Fallen Kinder durch übermässige Unaufmerksamkeit, Hyperaktivität und Impulsivität auf, lohnt sich eine medizinische Abklärung. Die Symptome bedeuten nicht zwingend ein ADHS – rund jedes zwanzigste Kind ist davon betroffen. Neben der medikamentösen Behandlung stehen heute zahlreiche sanfte Therapien zur Verfügung.
Fabrice Müller – updated 5.12.2023
Strategien erlernen, um mit ADHS umzugehen
ADHS, die Aufmerksamkeitsdefizit-/Hyperaktivitätsstörung, ist eine meist im Kindesalter auftretende Entwicklungsstörung. Sie kann je nach Ausprägung die Symptome Unaufmerksamkeit, Hyperaktivität und Impulsivität umfassen. Der Grad der Störung kann variieren, und dementsprechend auch der Leidensdruck der betroffenen Kinder und ihres Umfelds. Mit der richtigen therapeutischen Unterstützung können Kinder Strategien erlernen, mit ADHS umzugehen – je früher eine Diagnose gestellt wird, desto besser stehen diese Chancen.
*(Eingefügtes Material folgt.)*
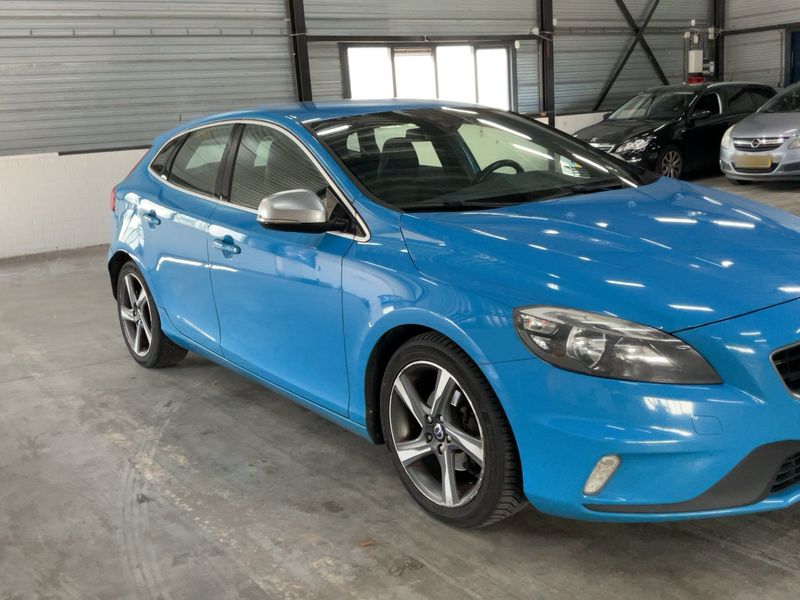 Volvo V40 1.6 D2 R-Design — zdjęcie 8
Expertinnen und Experten unterstützen Betroffene und deren soziales Umfeld, mit therapeutischen Massnahmen, einer gesunden Ernährung oder Naturheilmitteln. Bei Mittel- oder Schwerbetroffenen ist heute eine medikamentöse Therapie gängige Praxis, zum Einsatz kommen Methylphenidat-haltige Präparate, das wohl bekannteste unter ihnen ist Ritalin. In der ärztlichen und therapeutischen Behandlung von ADHS steht heute eine Vielzahl weiterer Möglichkeiten zur Verfügung.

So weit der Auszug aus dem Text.